#### ABOUT THIS TASK:
Look below for the line containing "Étagère murale à"; from there, print each line exactly up to and including the line containing "Balsam de rufe LOVELA Baby, 2 l, 33 spalari", and stop.

#### ENTRIES PROVIDED:
- - -

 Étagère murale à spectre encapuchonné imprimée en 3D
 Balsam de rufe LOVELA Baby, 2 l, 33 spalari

- - -

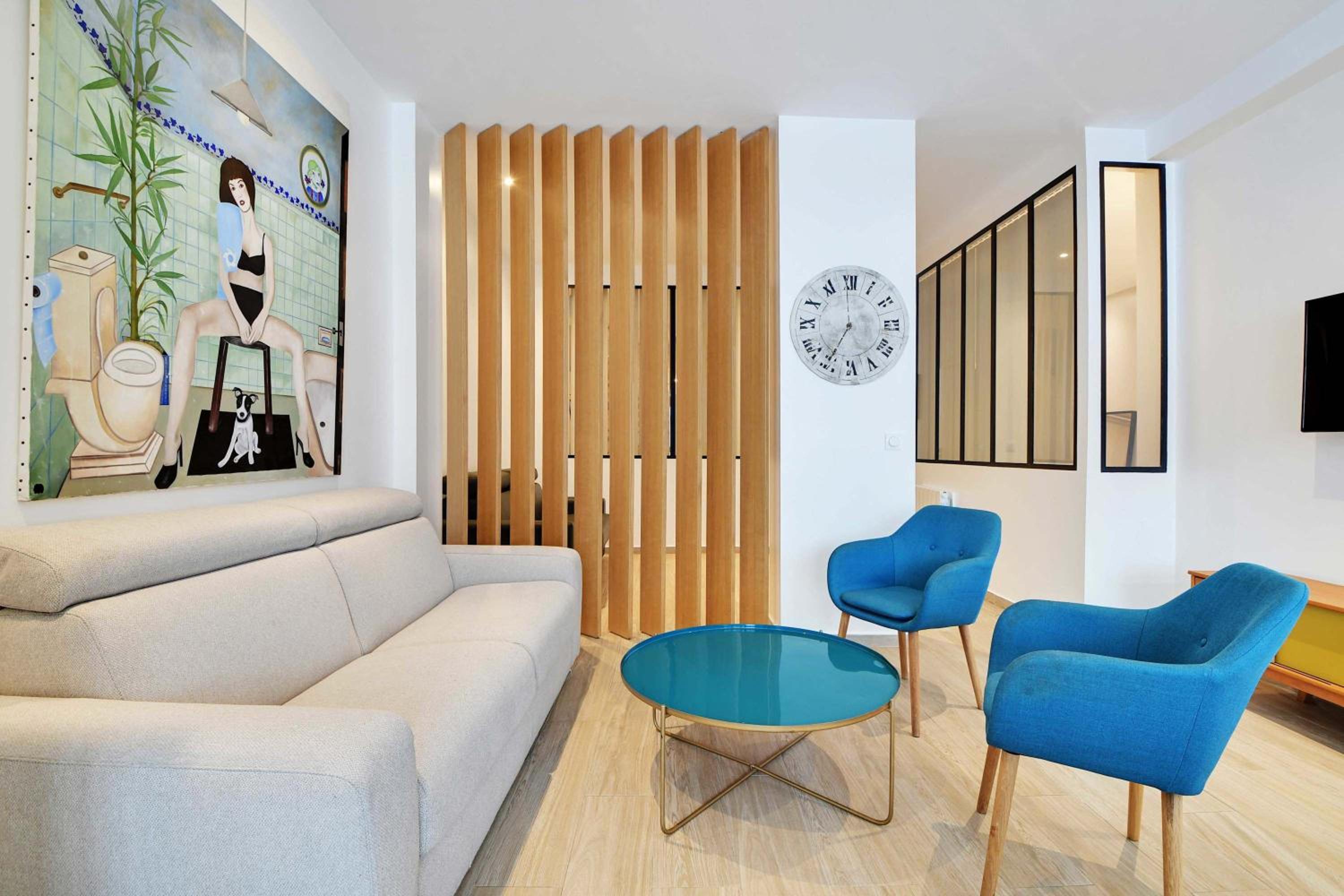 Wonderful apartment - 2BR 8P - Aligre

- - -

#### ANSWER BELOW:
 Étagère murale à spectre encapuchonné imprimée en 3D
 Balsam de rufe LOVELA Baby, 2 l, 33 spalari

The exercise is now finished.